Secondo alcuni analisti quello di Orbán è un regime politico nel quale convive un’accozzaglia di idee ma senza un vero involucro ideologico. Nazione, chiesa, famiglia, patria, sono elementi centrali di un acceso “nazionalismo di tipo sacrale”, per utilizzare le parole dello scrittore ungherese László Bitó, venato di accenti populisti. La comunità ungherese viene concepita come una somma di individui nella quale non c’è posto per i nemici della nazione e per “diversi”. Si spiegano così alcune leggi che, con la scusa garantire l’ordine pubblico, criminalizzano i senzatetto e gli zingari. Per la filosofa Agnes Heller, Orbán ricalca un modello di tipo bonapartistico, anche per la vocazione plebiscitaria con cui sembra concepire il meccanismo delle elezioni politiche, spesso considerate un referendum sulla sua persona.
Eppure, alle ultime elezioni suppletive dello scorso febbraio il partito di governo, Fidesz, ha avuto una battuta d’arresto, perdendo la maggioranza dei 2/3 in parlamento. Una sconfitta in parte inattesa, forse frutto di un calo di popolarità già fotografato da alcuni sondaggi, ma che potrebbe costituire una sfida interessante in vista delle nuove elezioni intermedie di aprile.

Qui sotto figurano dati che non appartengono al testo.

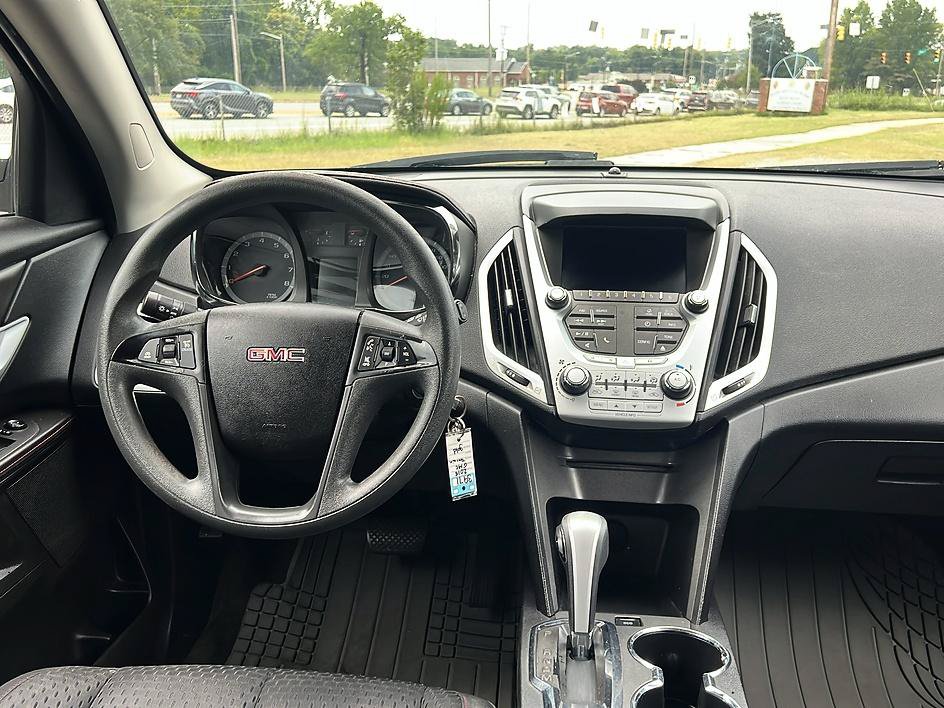 Used 2015 GMC Terrain SLE AWD/4WD image 12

Allo stesso tempo, la partita è ancora tutta da giocare anche in Europa. Le politiche economiche decise da Bruxelles hanno provocato molto risentimento, e non solo in Ungheria. La polemica anti-occidentalista di Orbán gioca molto sulle mancate soluzioni che l’Ue non è riuscita a dare, e che minacciano la stabilità politica di molti paesi europei, soprattutto in Europa dell’est, dove la transizione dal comunismo alla democrazia non è stata gestita ovunque in modo ottimale. Da più parti si teme che il regime ungherese possa fare proseliti in altri paesi, Slovacchia, Polonia e Croazia in primis. Le democrazie occidentali sono chiamate a decidere quale sia il sistema politico che dovrà prevalere al tempo della crisi. Una battaglia che si giocherà in nome dei principi democratici, ma anche della capacità di ottenere risultati.